Tourist Season By Carl Hiaasen

When the time comes to stretch out under a palapa, toes in sand, coco loco close at hand, and reach into the beach bag for a novel, there are a few things I like to find between the book covers. Humor is good. Dark humor is even better for the perspective it lends. Mystery is satisfying. Maybe a certain sassy irreverence, to magnify the pleasure of being away from everyday concerns. And edgy characters who could be huddled around a table in the bar behind me, conspiring in hushed voices, or prancing down the beach, unaware of their impending fate.

As you can imagine, when I can find all of these things in one author's works, I feel like I've won the literary lottery.
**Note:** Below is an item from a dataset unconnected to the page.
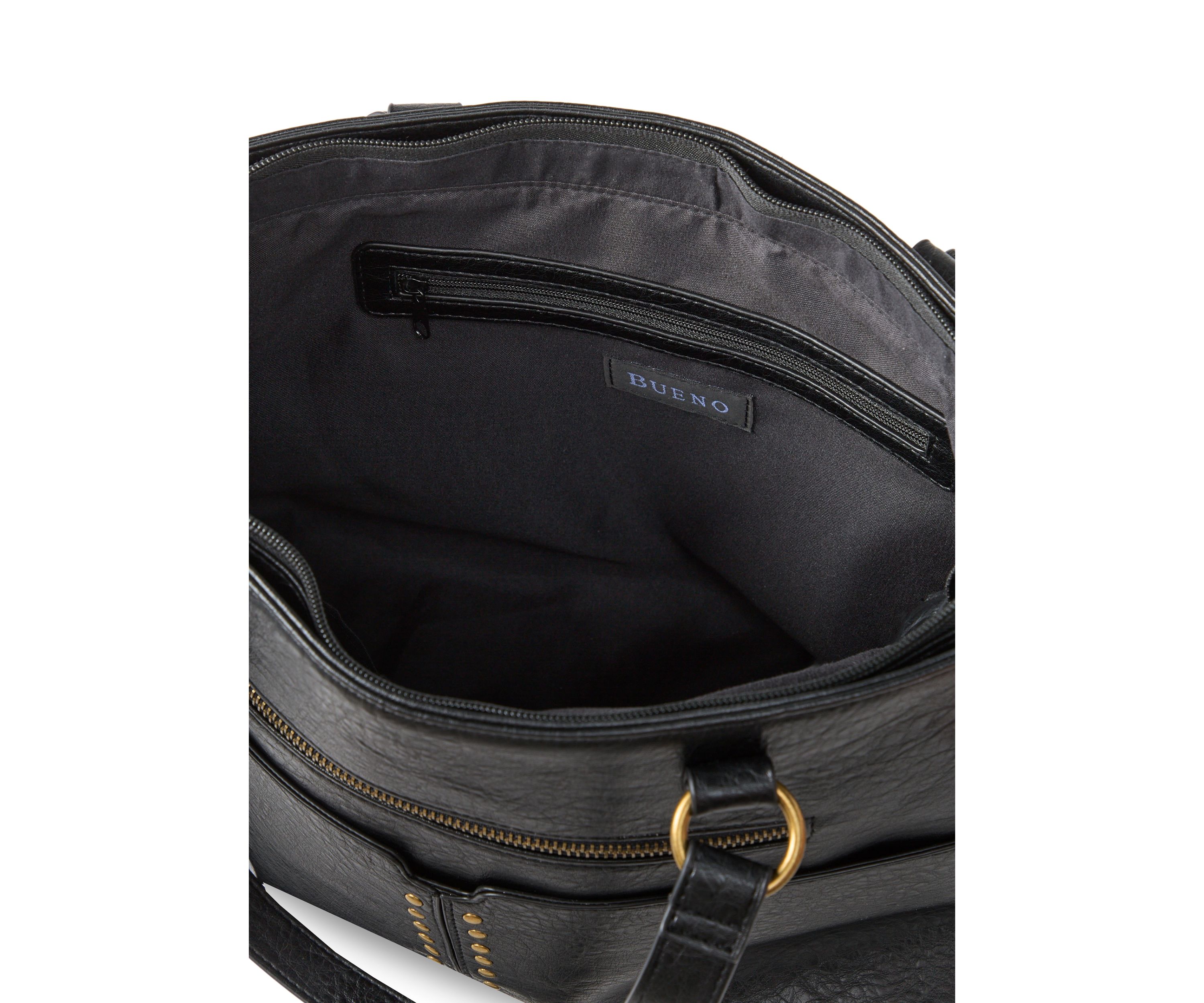 Stud Detail Tote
My own favorite jackpot is Carl Hiaasen.

Hiaasen, once an investigative reporter, now a columnist for The Miami Herald, a non-fiction writer and novelist, will never be in Oprah's book club. Let's just say that political correctness is not his strong suit. His novels are populated with rapacious developers, confused but well-meaning protagonists, a motley assortment of sleazebags, endangered species (animal and human) and guerrilla environmentalists. His venue is south Florida, but his message translates to any remaining tropical paradise where crocodiles still lounge, baby turtles require rescuing, idyllic beaches are threatened, and dolphins are held in captivity.
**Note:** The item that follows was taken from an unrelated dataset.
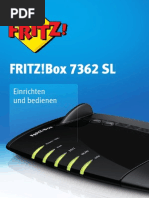 Download Handbuch FRITZ Box 7362 SL by master123 SN250819739 doc pdf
If you haven't yet found Carl Hiaasen, lucky you: he's written a bunch of novels, all gleefully bizarre. I suggest reading them in chronological order, or as close to it as you can. His first and perhaps darkest novel is Tourist Season. Subversive and hilarious, this book is a purge, propelled by the author's rage at the greed that is paving the everglades, and at the clueless tourists (in really tacky clothes) who encourage it. (Trivia Break: Jimmy Buffet's song "The Ballad of Skip Wiley" was written in praise of the environmental outlaw who is a main character.)

Don't stop there--next comes Double Whammy, where we meet the memorable Skink, former governor of Florida, madman of the mangroves with a stable moral reactor core and a skin as ragged as a loincloth after a hurricane. He reappears in Native Tongue, a scathing satire of Florida theme parks tempered by a hefty dose of silly. (Rumor has it that Hiaasen's secret dream is to be banned from Disneyworld-I, for one, am amazed that this book didn't do the trick.) Skink slides out of the swamp with his snake-on-a-stick in several of Hiaasen's novels. I'm always delighted to meet him again, as he is the guy who made me ask myself the question, "How can you be in love with a man who eats roadkill?"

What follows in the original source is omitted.